◆ MATERIAL FOR THE TASK
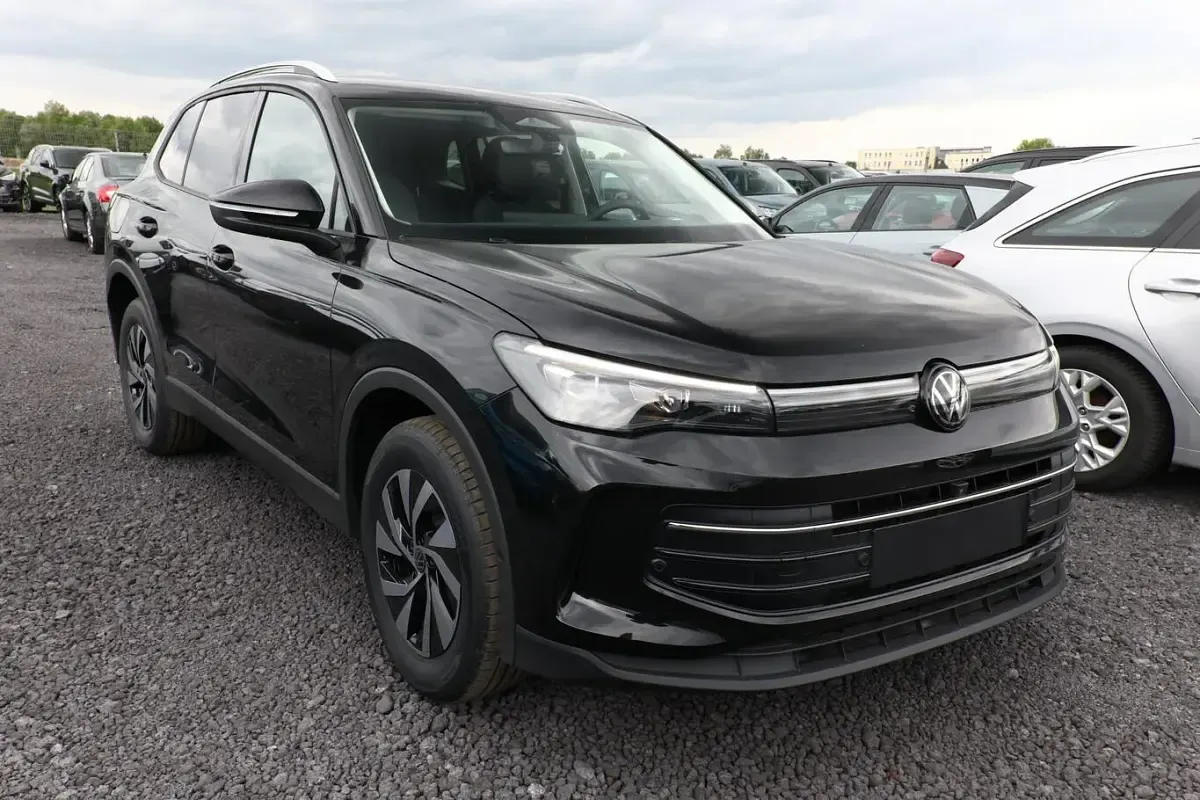 Neu VW Tiguan IQ Drive 150 PS (110 kW) 2026 Grenadillschwarz metallic grenadillschwarz metallic SUV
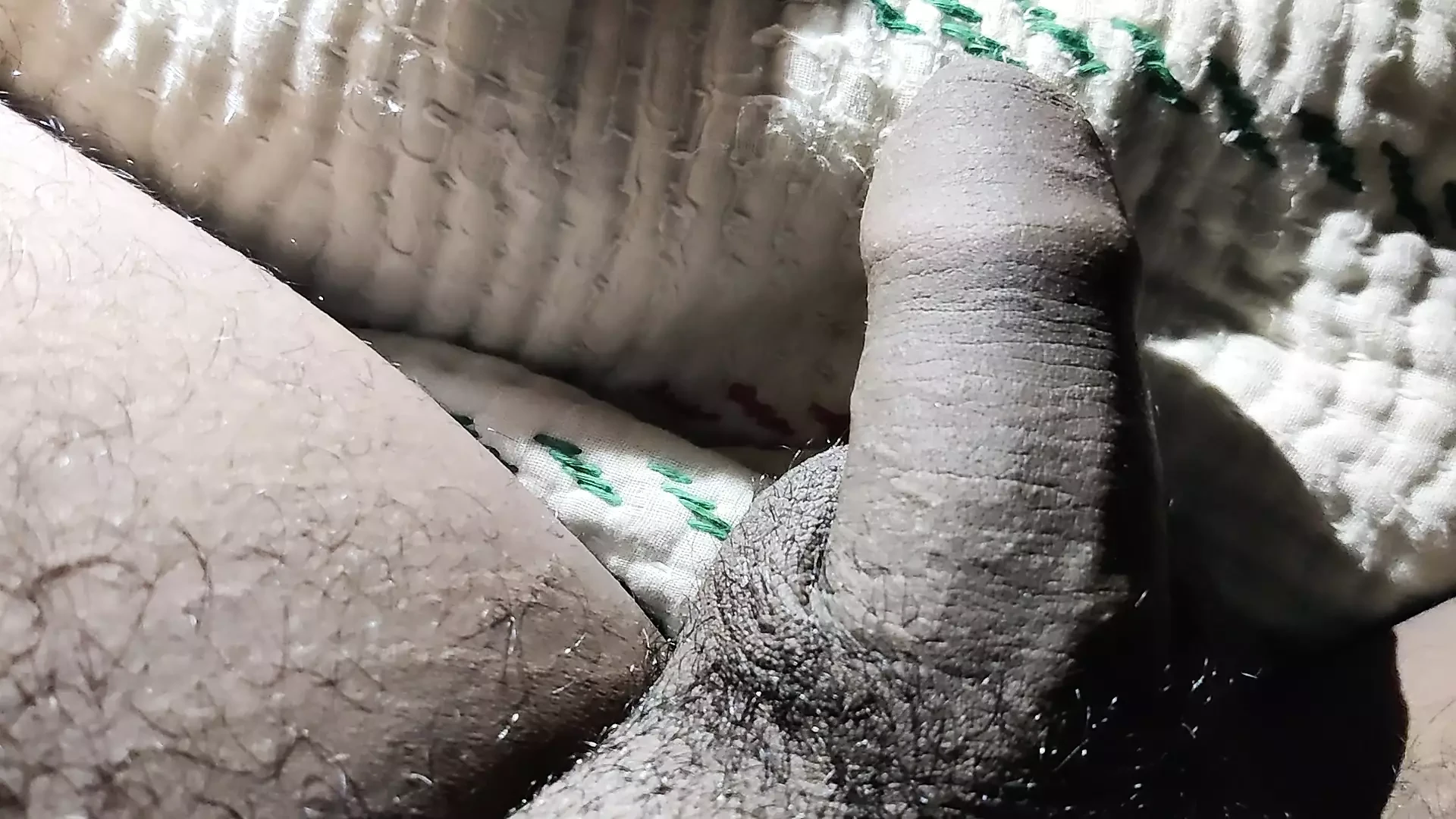 Alcance o orgasmo com uma punheta. punheta com enorme gozada. pov de você empurrando um pau e terminando com uma enorme explosão de porra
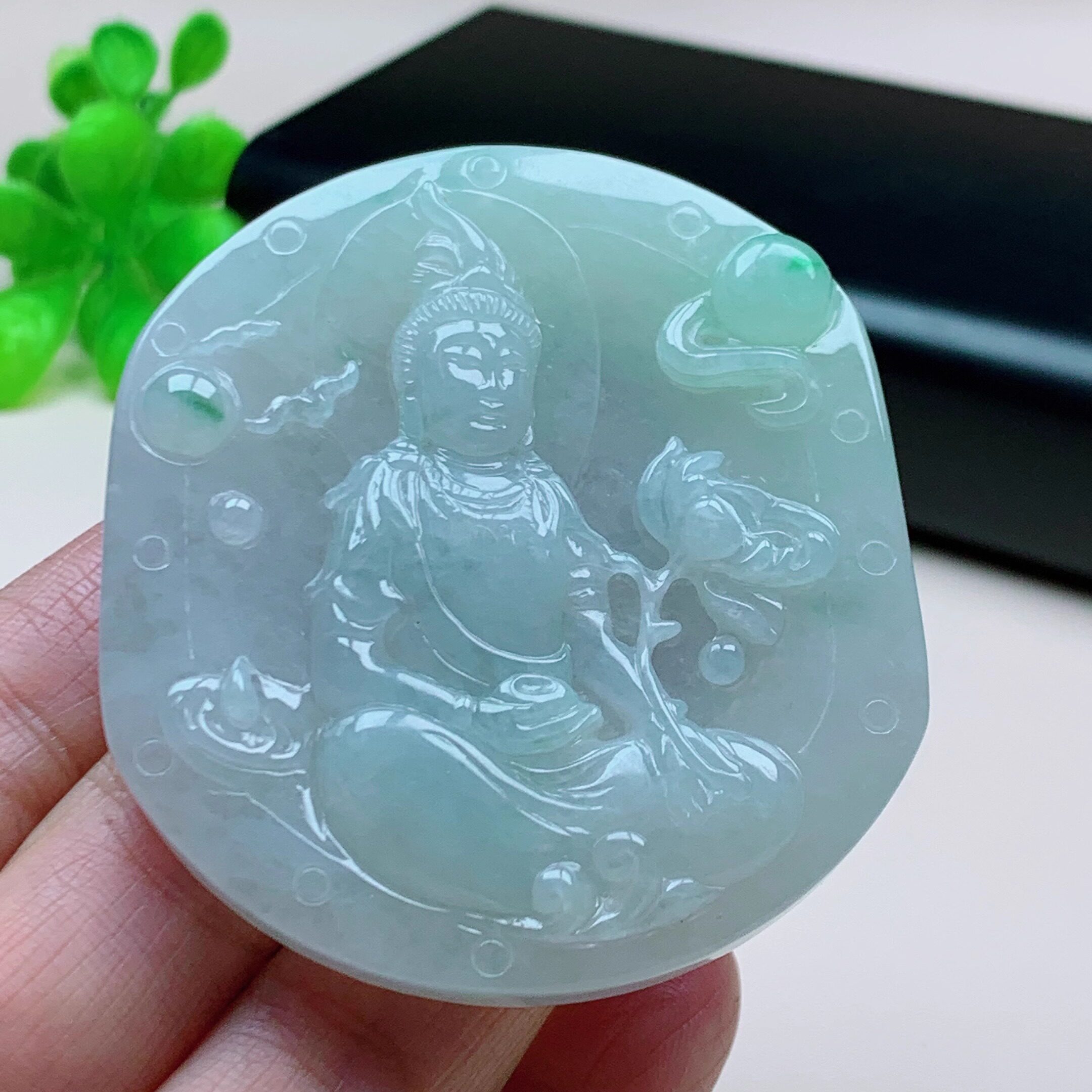 观音菩萨玉天然A货缅甸翡翠挂件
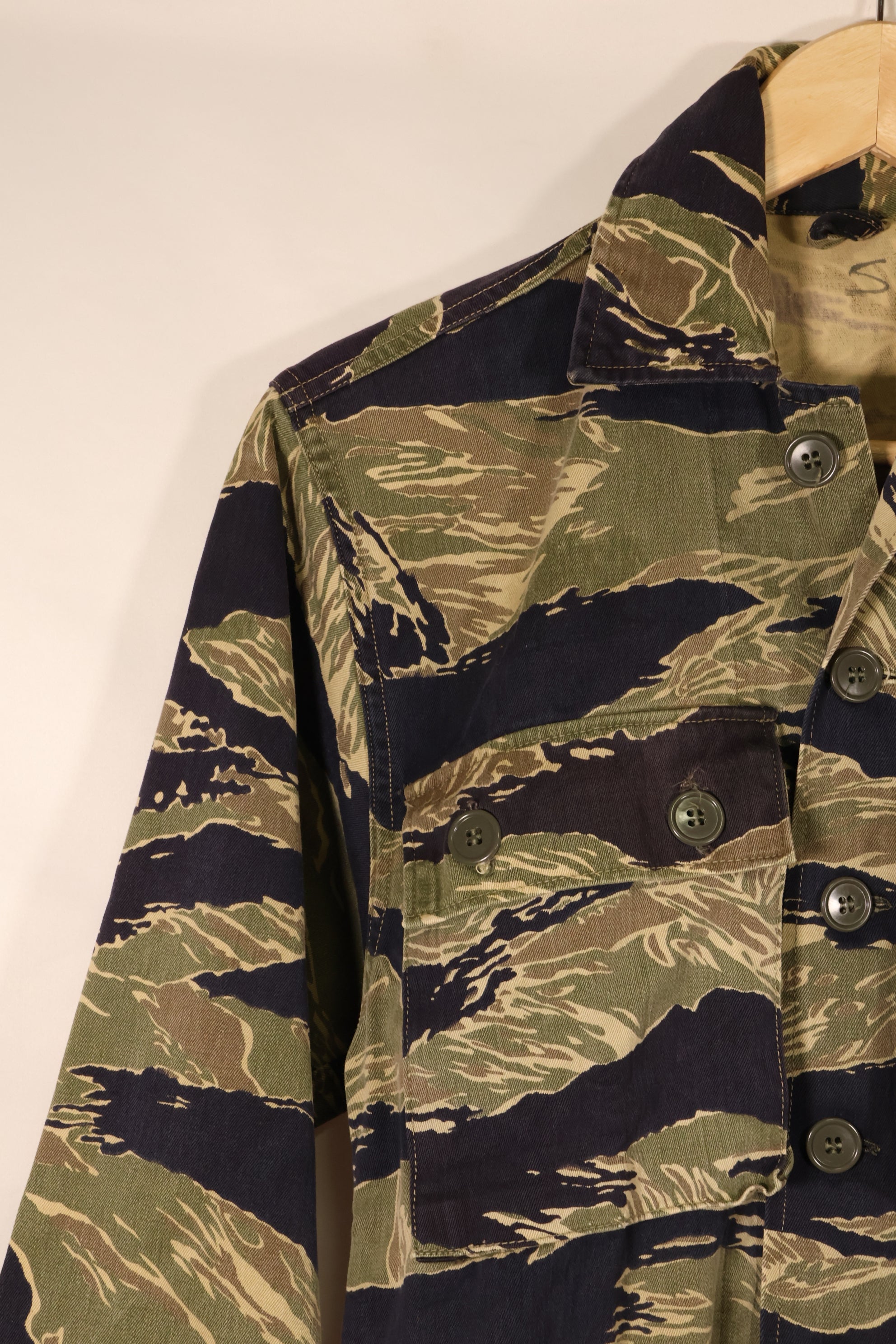 Circa 1965, Made in Japan, US-S, Okinawa Tiger Pattern, Tiger Stripe, US-cut shirt, JWD, Used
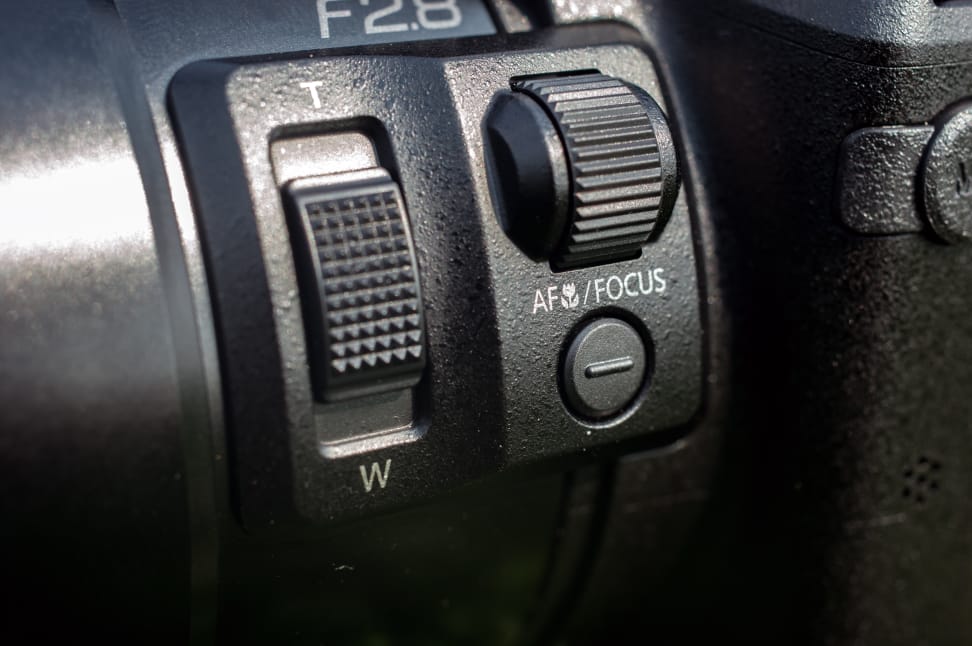 Panasonic Lumix DMC-FZ300 Lens Controls
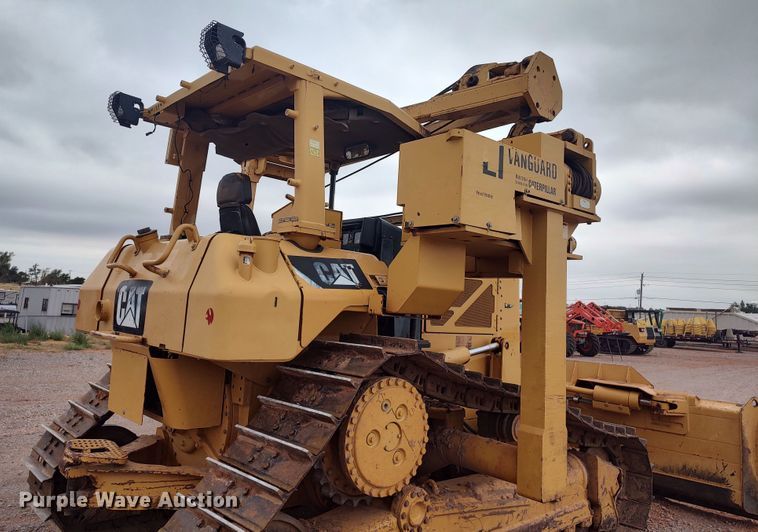 image for item LK9083 2008 Caterpillar D6N LGP  pipelayer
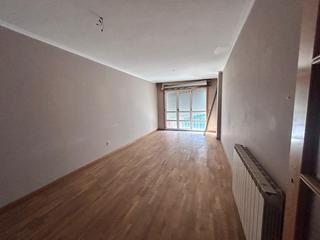 Etagenwohnung  Calle rosalía de castro. Piso de 3 habitaciones en poio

◆ TASK REQUIREMENTS
Please retype the lines from the one that contains "Circa 1965, Made" through the final line of the data, both included, without any pictures.

◆ ANSWER TO THE PROBLEM
 Circa 1965, Made in Japan, US-S, Okinawa Tiger Pattern, Tiger Stripe, US-cut shirt, JWD, Used
 Panasonic Lumix DMC-FZ300 Lens Controls
 image for item LK9083 2008 Caterpillar D6N LGP  pipelayer
 Etagenwohnung  Calle rosalía de castro. Piso de 3 habitaciones en poio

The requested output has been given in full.